---------- Provided material

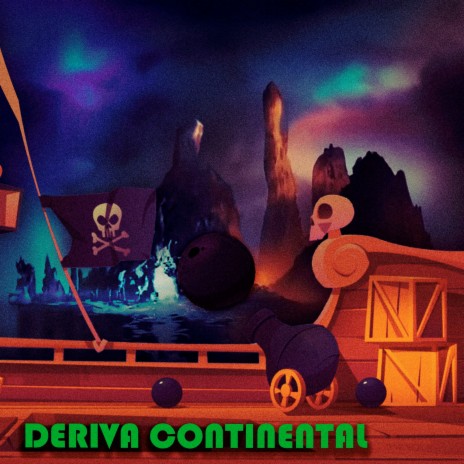 Deriva Continental | Boomplay Music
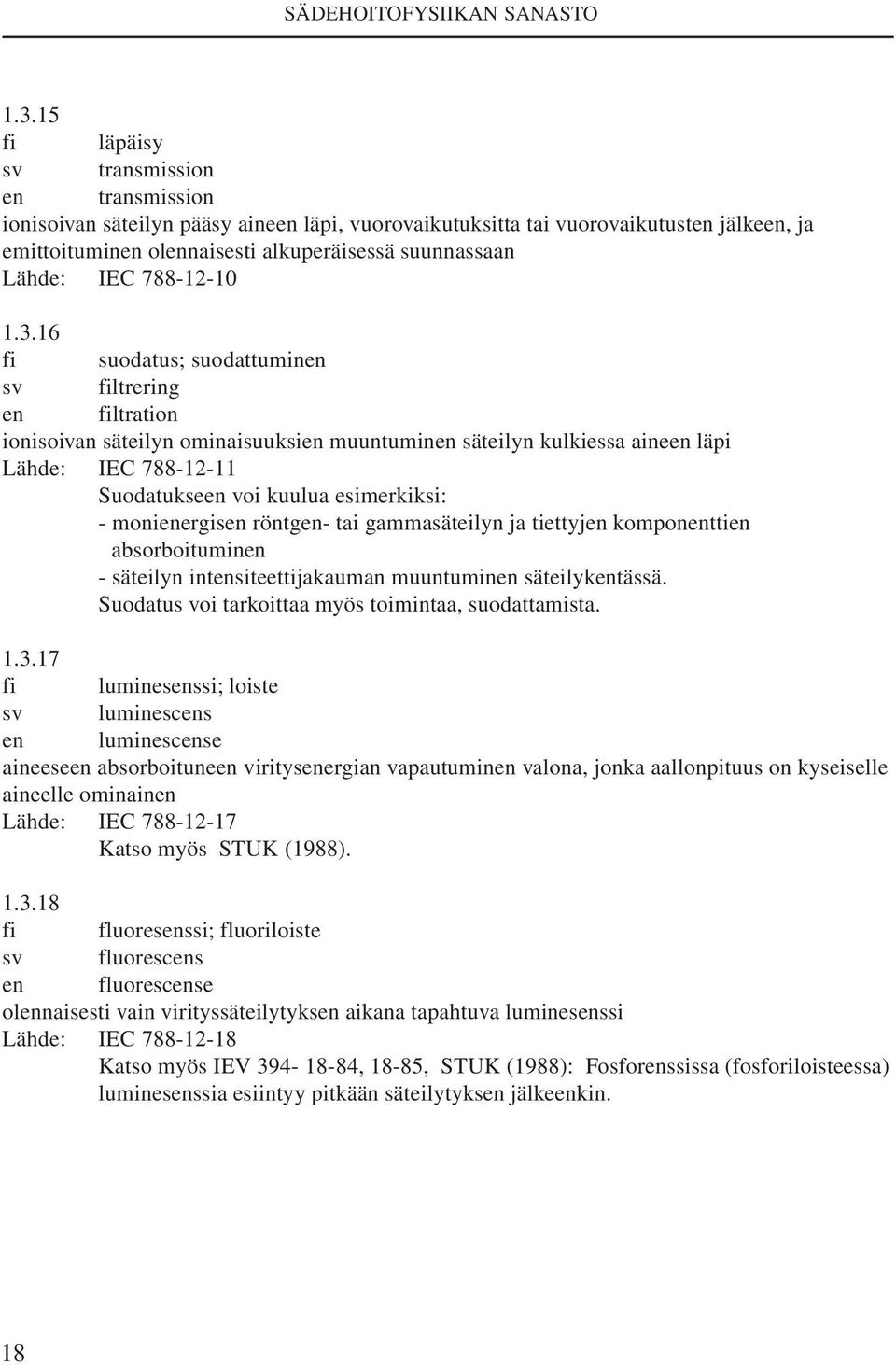 16 fi suodatus; suodattuminen sv filtrering en filtration ionisoivan säteilyn ominaisuuksien muuntuminen säteilyn kulkiessa aineen läpi Lähde: IEC 788-12-11 Suodatukseen voi kuulua esimerkiksi: -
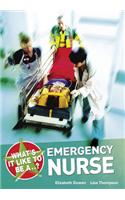 What's it Like to be a...? Emergency Nurse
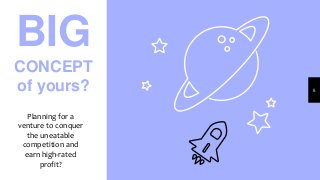 BIG
CONCEPT
of yours?
Planning for a
venture to conquer
the uneatable
competition and
earn high-rated
profit?
5
 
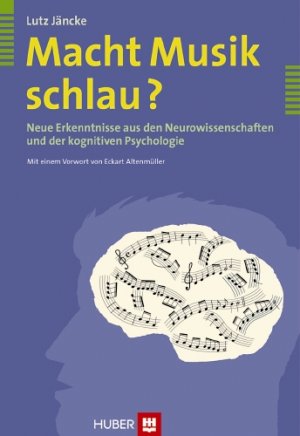 ISBN 9783456845753: Macht Musik schlau? - Neue Erkenntnisse aus den Neurowissenschaften und der kognitiven Psychologie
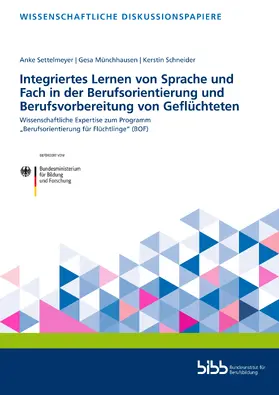 Settelmeyer / Bundesinstitut für Berufsbildung / Schneider |  Integriertes Lernen von Sprache und Fach in der Berufsorientierung und Berufsvorbereitung von Geflüchteten | Buch |  Sack Fachmedien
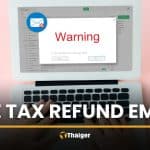 CCIB warns public of tax refund email scam in Thailand | Thaiger
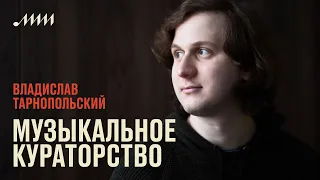 Музыкальное кураторство: между творчеством, исследованием и менеджментом // Владислав Тарнопольский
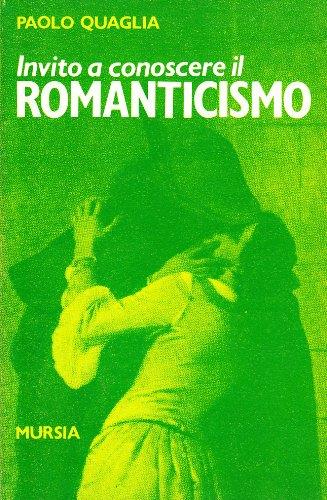 Invito a conoscere il romanticismo - Paolo Quaglia - Libro Ugo Mursia Editore 1990, Invito a conoscere | Libraccio.it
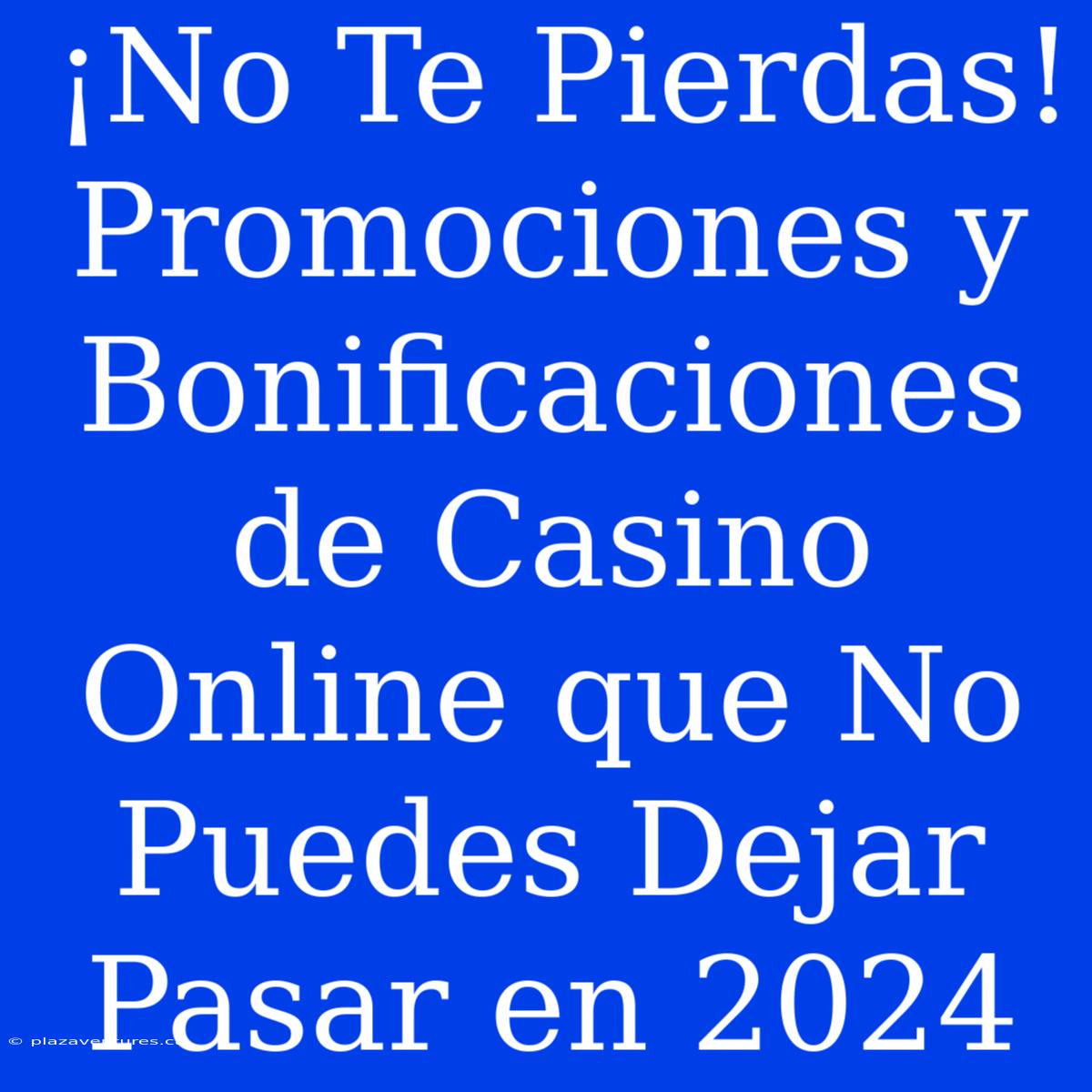 ¡No Te Pierdas! Promociones Y Bonificaciones De Casino Online Que No Puedes Dejar Pasar En 2024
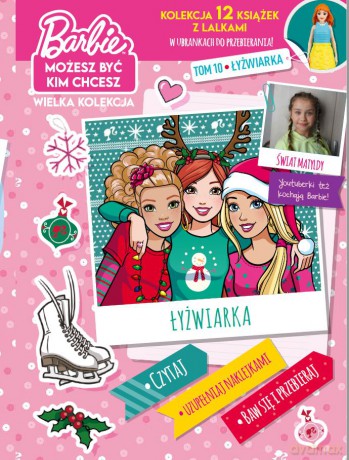 Łyżwiarka. Barbie, możesz być kim chcesz (Tom 10) [KSIĄŻKA]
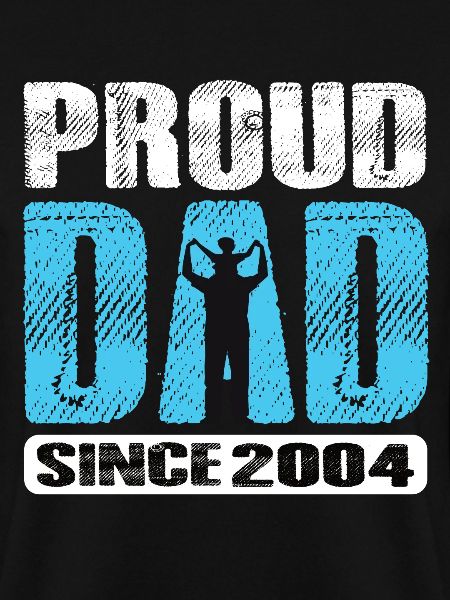 Proud Dad Since 2004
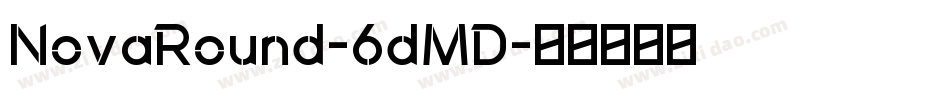NovaRound-6dMD字体转换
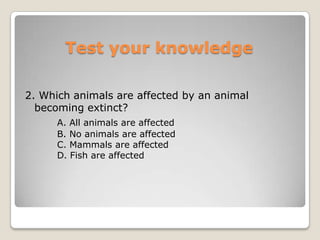 Test your knowledge2. Which animals are affected by an animal becoming extinct?A. All animals are affected	B. No animals are affected	C. Mammals are affected	D. Fish are affected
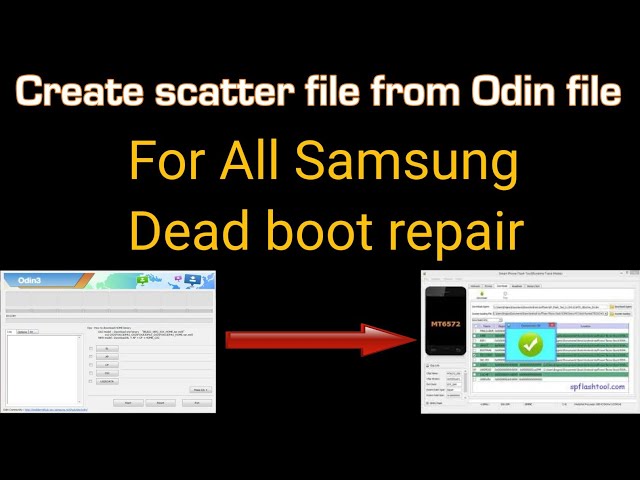 create scatter file for Samsung / Samsung Dead boot repair ✅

--------------------

The problem:
Please retype the listing above word for word, skipping each picture.

Solution for this exercise:
 Deriva Continental | Boomplay Music
 16 fi suodatus; suodattuminen sv filtrering en filtration ionisoivan säteilyn ominaisuuksien muuntuminen säteilyn kulkiessa aineen läpi Lähde: IEC 788-12-11 Suodatukseen voi kuulua esimerkiksi: -
 What's it Like to be a...? Emergency Nurse
 BIG
CONCEPT
of yours?
Planning for a
venture to conquer
the uneatable
competition and
earn high-rated
profit?
5
 
 ISBN 9783456845753: Macht Musik schlau? - Neue Erkenntnisse aus den Neurowissenschaften und der kognitiven Psychologie
 Settelmeyer / Bundesinstitut für Berufsbildung / Schneider |  Integriertes Lernen von Sprache und Fach in der Berufsorientierung und Berufsvorbereitung von Geflüchteten | Buch |  Sack Fachmedien
 CCIB warns public of tax refund email scam in Thailand | Thaiger
 Музыкальное кураторство: между творчеством, исследованием и менеджментом // Владислав Тарнопольский
 Invito a conoscere il romanticismo - Paolo Quaglia - Libro Ugo Mursia Editore 1990, Invito a conoscere | Libraccio.it
 ¡No Te Pierdas! Promociones Y Bonificaciones De Casino Online Que No Puedes Dejar Pasar En 2024
 Łyżwiarka. Barbie, możesz być kim chcesz (Tom 10) [KSIĄŻKA]
 Proud Dad Since 2004
NovaRound-6dMD字体转换
 Test your knowledge2. Which animals are affected by an animal becoming extinct?A. All animals are affected	B. No animals are affected	C. Mammals are affected	D. Fish are affected
 create scatter file for Samsung / Samsung Dead boot repair ✅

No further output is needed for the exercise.